[Excerpts from a dataset]
※ ※ ※
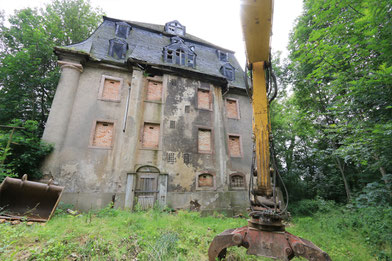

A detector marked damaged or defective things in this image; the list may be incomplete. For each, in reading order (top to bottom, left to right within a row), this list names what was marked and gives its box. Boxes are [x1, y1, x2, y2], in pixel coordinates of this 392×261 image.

rusty excavator bucket [0, 174, 62, 220]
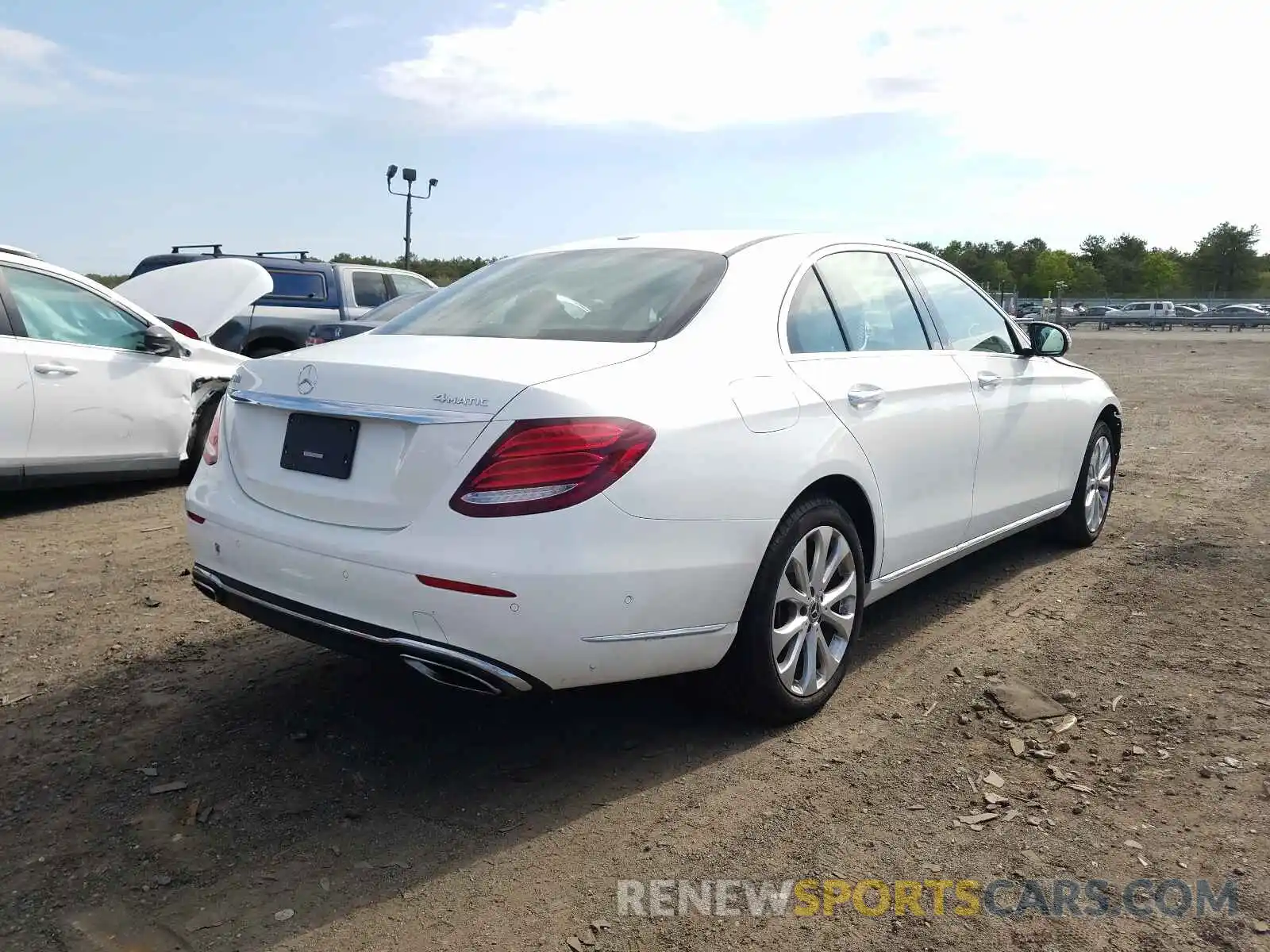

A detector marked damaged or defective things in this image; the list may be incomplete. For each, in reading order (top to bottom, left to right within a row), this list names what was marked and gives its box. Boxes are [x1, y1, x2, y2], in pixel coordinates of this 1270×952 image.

damaged white sedan [0, 246, 267, 487]
crumpled hood [114, 257, 273, 340]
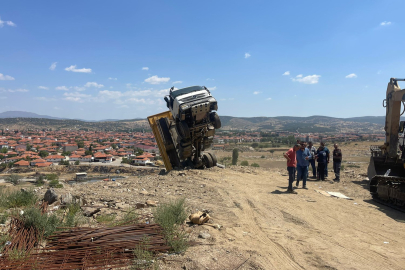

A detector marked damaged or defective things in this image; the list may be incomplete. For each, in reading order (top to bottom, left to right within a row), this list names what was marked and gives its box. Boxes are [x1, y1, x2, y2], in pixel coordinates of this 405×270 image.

overturned truck [148, 85, 219, 172]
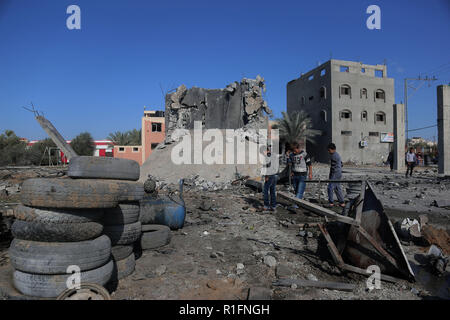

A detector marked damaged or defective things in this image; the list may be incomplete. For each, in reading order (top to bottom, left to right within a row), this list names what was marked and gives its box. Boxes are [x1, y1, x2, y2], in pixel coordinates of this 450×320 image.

broken wall section [164, 75, 270, 142]
rusted metal frame [276, 191, 360, 226]
rusted metal frame [316, 224, 344, 266]
rusted metal frame [356, 225, 400, 270]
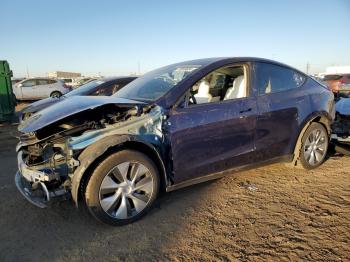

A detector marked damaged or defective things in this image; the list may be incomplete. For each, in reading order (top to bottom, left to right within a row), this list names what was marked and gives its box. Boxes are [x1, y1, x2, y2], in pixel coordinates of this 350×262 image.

crumpled hood [21, 95, 62, 113]
crumpled hood [18, 95, 145, 133]
crumpled hood [334, 97, 350, 115]
damaged blue suv [15, 57, 334, 225]
damaged front bumper [15, 150, 69, 208]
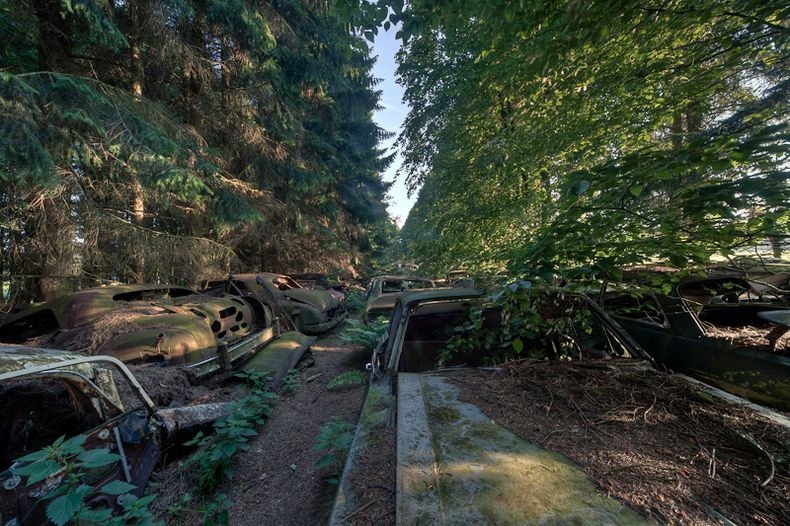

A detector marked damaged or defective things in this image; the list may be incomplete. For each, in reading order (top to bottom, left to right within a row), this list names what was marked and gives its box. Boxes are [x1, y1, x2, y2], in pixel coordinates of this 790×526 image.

rusted car body [0, 348, 229, 524]
abandoned car [0, 348, 229, 524]
abandoned car [0, 284, 312, 380]
rusted car body [0, 282, 312, 382]
abandoned car [200, 274, 344, 336]
rusted car body [201, 274, 346, 336]
abandoned car [366, 276, 440, 322]
rusted car body [366, 276, 440, 322]
rusted car body [328, 290, 656, 524]
abandoned car [332, 288, 660, 526]
rusted car body [600, 274, 790, 414]
abandoned car [604, 274, 788, 414]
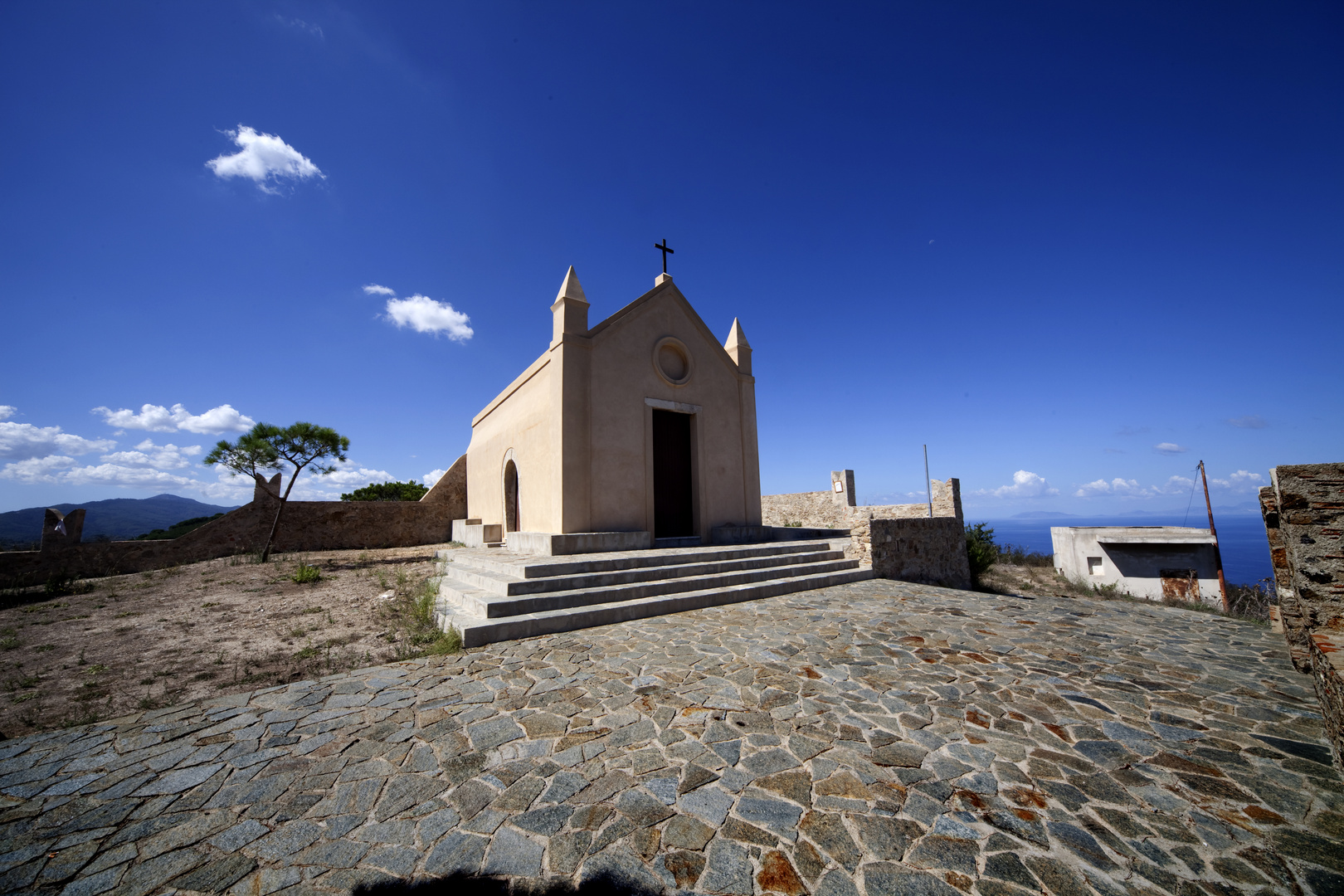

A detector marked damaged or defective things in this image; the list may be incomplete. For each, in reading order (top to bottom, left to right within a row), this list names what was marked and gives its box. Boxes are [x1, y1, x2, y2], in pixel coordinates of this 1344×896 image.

rusty metal post [1210, 462, 1230, 610]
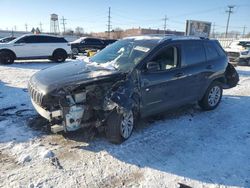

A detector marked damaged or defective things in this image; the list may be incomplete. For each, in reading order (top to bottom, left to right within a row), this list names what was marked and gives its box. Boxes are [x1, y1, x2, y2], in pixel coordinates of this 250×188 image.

detached front bumper [30, 99, 62, 121]
crumpled hood [30, 59, 122, 93]
front end damage [28, 73, 138, 134]
damaged gray suv [28, 35, 239, 143]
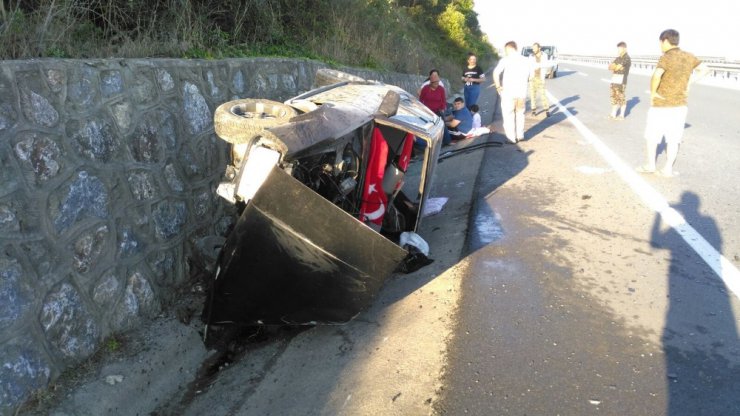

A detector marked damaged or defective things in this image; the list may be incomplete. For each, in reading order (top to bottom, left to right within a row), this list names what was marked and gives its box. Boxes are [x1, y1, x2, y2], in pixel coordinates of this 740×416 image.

exposed tire [316, 68, 368, 88]
exposed tire [212, 98, 296, 144]
overturned vehicle [202, 69, 446, 328]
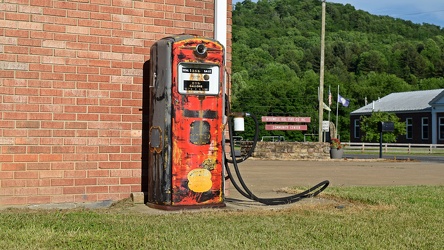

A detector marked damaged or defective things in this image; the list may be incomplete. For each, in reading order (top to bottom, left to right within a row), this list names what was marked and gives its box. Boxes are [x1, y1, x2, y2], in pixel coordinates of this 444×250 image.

rusty red gas pump [146, 34, 225, 208]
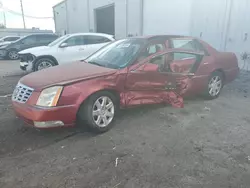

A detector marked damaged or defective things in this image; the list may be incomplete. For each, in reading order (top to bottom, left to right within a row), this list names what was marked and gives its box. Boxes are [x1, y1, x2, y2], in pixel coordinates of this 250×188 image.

crumpled hood [19, 61, 117, 90]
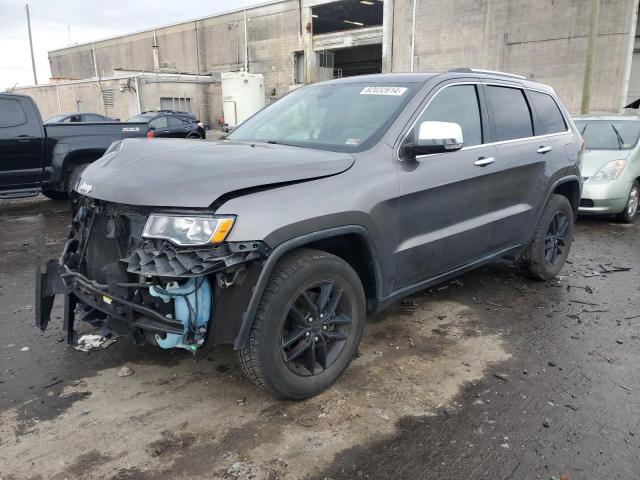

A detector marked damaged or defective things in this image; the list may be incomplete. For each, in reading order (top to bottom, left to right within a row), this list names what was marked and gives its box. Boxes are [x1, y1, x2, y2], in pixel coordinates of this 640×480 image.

crushed front bumper area [36, 197, 268, 350]
damaged suv front end [38, 193, 268, 354]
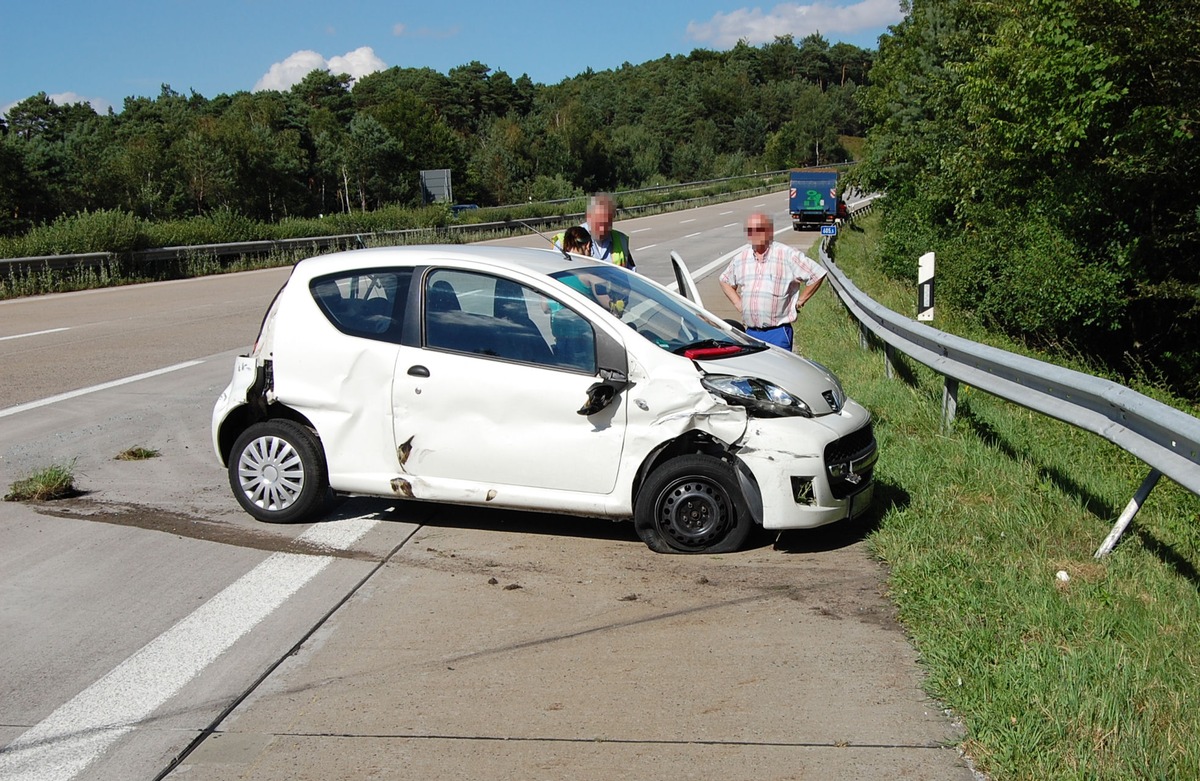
※ ※ ※
_ABOUT THIS EXERCISE_
A word-for-word repeat is expected of the lines from the one with "this 640×480 image." to the end of the data, both included; pictures are not part of it.

_THE COMPLETED TASK_
A detector marked damaged or defective things in this image; the list may be incomplete. For each, in reading order (top to bottom, left to right within a row), this list names what was marked and gives its box. Boxes are [x1, y1, x2, y2], in pixel coordinates of this 640×480 image.

crushed front bumper area [36, 197, 268, 350]
damaged suv front end [38, 193, 268, 354]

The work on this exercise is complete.